◆ Work to complete ◆
In the entries below, how many lines hold the string "Apartamento"? Answer with the number only.

[Dataset excerpts]
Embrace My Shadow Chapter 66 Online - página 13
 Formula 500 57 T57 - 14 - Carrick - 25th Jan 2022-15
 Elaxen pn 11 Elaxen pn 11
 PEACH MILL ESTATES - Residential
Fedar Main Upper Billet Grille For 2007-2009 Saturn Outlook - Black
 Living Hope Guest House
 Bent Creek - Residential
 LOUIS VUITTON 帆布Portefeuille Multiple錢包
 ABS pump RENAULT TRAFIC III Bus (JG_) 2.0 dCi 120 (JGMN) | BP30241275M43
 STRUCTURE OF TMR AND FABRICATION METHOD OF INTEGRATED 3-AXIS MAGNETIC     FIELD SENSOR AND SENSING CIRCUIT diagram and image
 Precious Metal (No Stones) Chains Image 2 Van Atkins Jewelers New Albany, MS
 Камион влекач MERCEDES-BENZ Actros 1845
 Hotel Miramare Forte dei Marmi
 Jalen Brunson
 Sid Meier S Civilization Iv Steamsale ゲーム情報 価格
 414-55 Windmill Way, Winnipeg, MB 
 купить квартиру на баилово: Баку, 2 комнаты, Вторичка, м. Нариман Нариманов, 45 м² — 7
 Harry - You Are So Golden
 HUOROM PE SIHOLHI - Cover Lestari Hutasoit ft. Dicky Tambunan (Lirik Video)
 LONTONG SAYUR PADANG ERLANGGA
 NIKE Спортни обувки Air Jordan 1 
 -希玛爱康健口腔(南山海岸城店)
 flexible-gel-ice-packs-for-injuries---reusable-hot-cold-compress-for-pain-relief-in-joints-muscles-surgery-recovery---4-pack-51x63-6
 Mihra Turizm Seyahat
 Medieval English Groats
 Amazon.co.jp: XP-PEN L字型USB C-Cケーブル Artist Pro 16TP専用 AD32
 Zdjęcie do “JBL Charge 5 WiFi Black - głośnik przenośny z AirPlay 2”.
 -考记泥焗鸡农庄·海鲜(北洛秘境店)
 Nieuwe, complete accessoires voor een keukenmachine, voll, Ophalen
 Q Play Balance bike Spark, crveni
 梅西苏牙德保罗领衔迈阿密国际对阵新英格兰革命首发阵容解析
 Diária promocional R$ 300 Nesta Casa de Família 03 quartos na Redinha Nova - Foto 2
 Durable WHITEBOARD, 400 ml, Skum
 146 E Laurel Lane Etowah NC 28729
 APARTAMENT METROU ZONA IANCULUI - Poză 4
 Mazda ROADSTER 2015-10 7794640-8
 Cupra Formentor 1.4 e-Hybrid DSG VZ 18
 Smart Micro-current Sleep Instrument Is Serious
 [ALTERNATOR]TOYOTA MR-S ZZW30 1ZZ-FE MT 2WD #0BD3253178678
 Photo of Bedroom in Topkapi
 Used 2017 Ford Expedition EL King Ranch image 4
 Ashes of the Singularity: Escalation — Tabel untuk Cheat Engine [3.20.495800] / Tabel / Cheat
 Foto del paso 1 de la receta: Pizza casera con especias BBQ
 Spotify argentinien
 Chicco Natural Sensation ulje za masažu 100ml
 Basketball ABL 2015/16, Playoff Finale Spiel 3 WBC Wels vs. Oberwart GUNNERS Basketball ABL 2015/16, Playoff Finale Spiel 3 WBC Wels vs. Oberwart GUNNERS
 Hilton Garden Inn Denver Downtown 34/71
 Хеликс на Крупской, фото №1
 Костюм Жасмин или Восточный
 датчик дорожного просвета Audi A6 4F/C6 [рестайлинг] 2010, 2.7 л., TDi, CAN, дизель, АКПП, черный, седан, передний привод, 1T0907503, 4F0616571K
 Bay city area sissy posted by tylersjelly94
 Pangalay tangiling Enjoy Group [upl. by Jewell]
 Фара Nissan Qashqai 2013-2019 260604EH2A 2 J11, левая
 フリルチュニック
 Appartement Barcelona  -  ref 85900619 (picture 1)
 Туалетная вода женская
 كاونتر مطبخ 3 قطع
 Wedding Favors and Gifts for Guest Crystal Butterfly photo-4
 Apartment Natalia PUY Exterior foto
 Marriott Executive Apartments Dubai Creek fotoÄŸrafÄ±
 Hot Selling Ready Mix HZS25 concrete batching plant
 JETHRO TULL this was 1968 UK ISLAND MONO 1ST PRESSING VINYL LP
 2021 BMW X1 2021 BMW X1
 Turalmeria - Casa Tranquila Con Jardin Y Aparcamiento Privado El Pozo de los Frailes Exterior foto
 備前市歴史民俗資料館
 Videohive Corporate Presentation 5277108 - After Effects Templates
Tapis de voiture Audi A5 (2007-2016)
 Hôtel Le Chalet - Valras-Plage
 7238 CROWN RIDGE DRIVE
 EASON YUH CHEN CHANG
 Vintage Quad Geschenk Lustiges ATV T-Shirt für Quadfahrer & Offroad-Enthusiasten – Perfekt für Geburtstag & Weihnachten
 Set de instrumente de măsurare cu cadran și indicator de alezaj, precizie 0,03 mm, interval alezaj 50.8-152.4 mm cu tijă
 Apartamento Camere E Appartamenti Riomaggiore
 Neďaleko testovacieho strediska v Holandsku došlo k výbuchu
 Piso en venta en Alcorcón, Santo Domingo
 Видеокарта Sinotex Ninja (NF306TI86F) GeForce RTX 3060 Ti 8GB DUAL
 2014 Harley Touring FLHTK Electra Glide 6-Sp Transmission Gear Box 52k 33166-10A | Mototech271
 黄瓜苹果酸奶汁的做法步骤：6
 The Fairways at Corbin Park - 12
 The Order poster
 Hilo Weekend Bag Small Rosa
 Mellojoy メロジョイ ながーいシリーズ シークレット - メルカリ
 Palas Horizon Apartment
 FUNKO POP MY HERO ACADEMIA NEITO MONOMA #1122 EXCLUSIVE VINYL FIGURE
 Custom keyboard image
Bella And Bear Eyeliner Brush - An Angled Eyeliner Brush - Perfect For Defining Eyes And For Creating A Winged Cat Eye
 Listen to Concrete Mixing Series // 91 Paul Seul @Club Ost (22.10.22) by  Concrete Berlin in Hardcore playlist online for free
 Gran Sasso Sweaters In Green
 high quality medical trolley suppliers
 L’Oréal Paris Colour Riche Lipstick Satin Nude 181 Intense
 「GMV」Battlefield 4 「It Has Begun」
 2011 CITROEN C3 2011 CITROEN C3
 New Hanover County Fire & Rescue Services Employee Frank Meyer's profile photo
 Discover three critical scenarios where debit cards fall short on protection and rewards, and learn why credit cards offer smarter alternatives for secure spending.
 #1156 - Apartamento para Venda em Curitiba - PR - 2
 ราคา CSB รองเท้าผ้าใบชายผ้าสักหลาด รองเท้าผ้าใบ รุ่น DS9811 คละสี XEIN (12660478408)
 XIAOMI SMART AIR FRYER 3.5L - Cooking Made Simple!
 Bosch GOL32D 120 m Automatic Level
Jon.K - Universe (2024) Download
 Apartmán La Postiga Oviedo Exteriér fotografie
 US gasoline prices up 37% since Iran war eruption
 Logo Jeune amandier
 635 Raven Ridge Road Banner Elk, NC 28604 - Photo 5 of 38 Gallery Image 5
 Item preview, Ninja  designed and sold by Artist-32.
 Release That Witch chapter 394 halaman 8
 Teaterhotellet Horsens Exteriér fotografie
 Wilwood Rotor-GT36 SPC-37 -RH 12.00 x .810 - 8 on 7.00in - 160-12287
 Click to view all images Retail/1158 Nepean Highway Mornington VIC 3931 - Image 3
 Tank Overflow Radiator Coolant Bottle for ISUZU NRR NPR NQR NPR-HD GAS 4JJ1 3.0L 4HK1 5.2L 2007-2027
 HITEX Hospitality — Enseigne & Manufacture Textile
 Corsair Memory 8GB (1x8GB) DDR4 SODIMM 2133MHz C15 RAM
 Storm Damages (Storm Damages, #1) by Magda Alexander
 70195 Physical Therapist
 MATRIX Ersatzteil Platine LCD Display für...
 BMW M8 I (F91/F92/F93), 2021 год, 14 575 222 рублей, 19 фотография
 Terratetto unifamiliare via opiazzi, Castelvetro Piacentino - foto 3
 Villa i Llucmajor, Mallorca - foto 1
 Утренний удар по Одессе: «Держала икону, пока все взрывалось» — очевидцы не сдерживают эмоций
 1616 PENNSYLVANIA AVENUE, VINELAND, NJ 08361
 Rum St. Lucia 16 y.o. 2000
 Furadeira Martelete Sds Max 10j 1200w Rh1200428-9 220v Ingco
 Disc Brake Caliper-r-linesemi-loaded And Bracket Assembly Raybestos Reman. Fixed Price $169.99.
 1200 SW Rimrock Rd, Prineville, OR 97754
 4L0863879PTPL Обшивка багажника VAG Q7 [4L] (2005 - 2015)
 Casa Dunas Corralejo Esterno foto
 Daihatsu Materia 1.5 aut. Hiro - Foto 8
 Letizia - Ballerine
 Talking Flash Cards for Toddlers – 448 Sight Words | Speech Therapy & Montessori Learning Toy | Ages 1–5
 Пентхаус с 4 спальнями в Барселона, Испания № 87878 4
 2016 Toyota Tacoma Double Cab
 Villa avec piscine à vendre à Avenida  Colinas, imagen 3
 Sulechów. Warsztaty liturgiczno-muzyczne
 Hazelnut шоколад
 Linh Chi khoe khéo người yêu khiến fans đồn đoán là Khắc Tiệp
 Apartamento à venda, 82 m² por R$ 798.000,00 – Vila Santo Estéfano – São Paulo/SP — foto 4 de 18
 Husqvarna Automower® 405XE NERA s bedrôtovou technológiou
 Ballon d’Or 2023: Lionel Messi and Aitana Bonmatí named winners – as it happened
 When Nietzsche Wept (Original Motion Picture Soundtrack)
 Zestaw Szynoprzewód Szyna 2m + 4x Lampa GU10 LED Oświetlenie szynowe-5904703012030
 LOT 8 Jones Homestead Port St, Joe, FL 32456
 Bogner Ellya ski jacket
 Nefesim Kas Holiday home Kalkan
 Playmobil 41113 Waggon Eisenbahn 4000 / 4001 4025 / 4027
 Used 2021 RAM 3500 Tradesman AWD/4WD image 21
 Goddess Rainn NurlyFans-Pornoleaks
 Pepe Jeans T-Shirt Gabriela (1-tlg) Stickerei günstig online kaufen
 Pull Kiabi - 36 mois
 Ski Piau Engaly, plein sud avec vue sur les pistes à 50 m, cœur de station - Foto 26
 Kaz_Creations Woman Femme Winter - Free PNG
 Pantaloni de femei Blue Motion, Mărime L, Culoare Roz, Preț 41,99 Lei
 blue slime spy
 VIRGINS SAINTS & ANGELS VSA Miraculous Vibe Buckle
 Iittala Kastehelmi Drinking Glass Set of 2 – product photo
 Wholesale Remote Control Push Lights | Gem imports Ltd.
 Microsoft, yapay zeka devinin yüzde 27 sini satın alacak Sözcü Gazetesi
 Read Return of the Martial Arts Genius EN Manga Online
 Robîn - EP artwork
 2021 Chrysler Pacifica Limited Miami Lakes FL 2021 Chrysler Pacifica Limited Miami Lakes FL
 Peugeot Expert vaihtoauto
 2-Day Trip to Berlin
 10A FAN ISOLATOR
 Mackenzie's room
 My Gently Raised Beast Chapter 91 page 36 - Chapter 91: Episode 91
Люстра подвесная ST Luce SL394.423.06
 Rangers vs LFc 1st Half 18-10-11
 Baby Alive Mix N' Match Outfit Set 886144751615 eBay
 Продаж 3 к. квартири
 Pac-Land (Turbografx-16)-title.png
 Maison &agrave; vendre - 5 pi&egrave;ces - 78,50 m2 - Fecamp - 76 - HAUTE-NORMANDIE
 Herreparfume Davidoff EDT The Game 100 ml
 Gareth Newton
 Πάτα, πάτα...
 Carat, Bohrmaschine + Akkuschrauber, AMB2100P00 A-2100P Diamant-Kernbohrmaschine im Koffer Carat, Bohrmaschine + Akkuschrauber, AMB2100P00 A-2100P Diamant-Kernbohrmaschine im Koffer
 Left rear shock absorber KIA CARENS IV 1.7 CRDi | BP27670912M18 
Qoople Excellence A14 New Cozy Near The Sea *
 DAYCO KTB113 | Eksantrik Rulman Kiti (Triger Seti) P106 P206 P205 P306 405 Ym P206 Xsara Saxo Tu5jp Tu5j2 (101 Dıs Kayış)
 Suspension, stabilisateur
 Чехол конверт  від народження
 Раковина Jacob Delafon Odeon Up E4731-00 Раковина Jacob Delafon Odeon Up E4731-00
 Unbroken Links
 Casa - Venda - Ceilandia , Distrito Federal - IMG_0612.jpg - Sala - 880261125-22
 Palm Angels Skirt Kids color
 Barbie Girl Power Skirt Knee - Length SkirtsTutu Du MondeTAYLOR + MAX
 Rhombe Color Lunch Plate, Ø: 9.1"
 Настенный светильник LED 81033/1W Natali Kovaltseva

◆ Answer ◆
3